● **ASSIGNMENT**
Looking at the listing below, retype exactly the lines starting at the one containing "Kyah Resources" and ending at the one containing "Названо регіон України, де", both included, and nothing else.

● **GIVEN RECORDS**
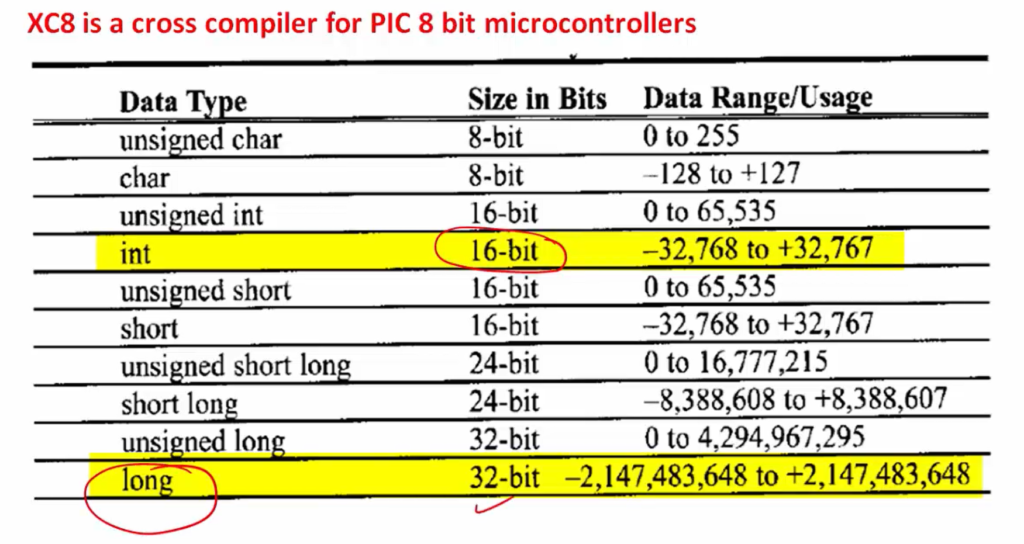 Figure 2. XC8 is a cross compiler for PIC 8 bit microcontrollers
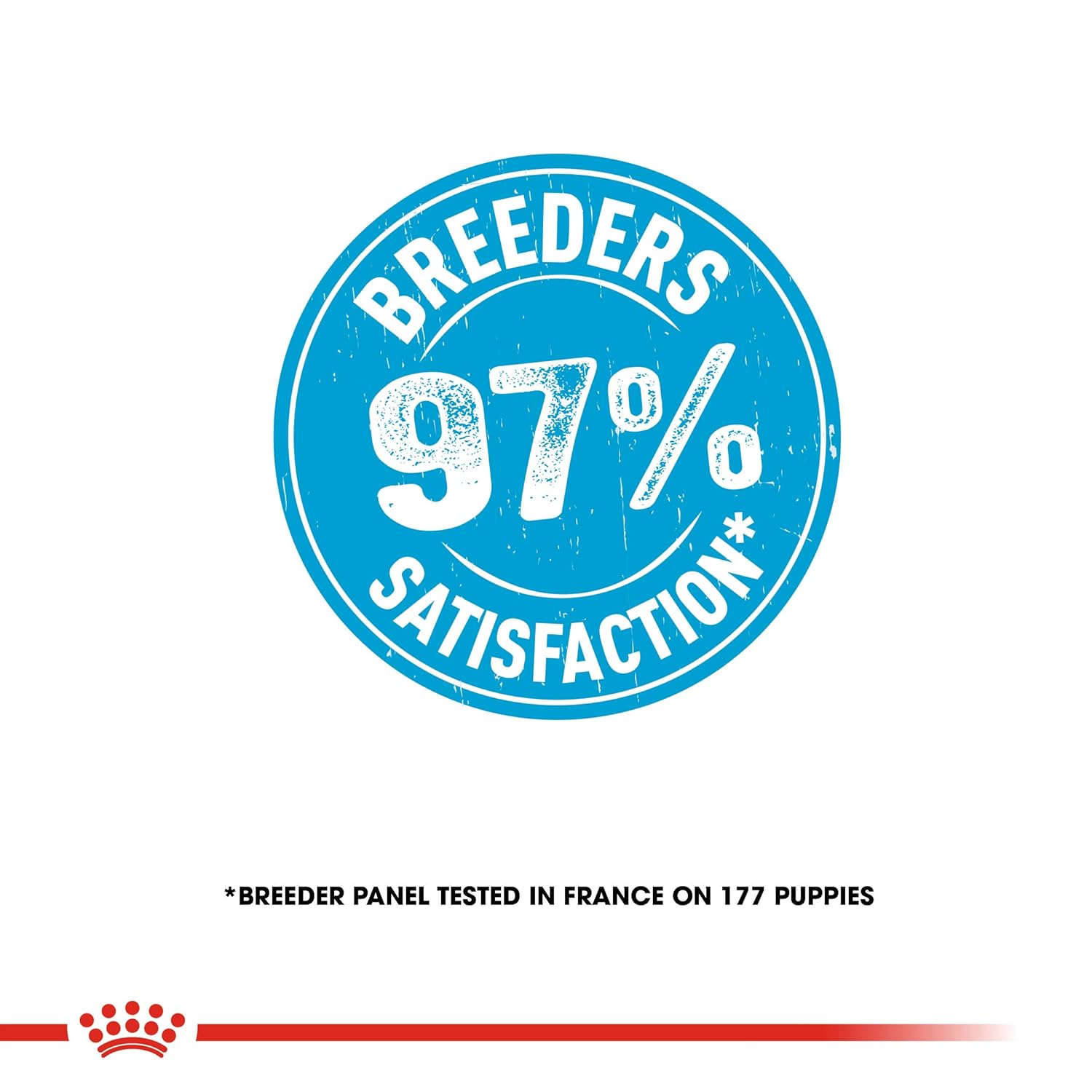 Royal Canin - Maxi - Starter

--

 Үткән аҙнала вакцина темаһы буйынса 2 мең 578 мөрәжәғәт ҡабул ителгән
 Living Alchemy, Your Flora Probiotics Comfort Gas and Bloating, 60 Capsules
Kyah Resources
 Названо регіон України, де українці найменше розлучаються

● **RESULT BELOW**
Kyah Resources
 Названо регіон України, де українці найменше розлучаються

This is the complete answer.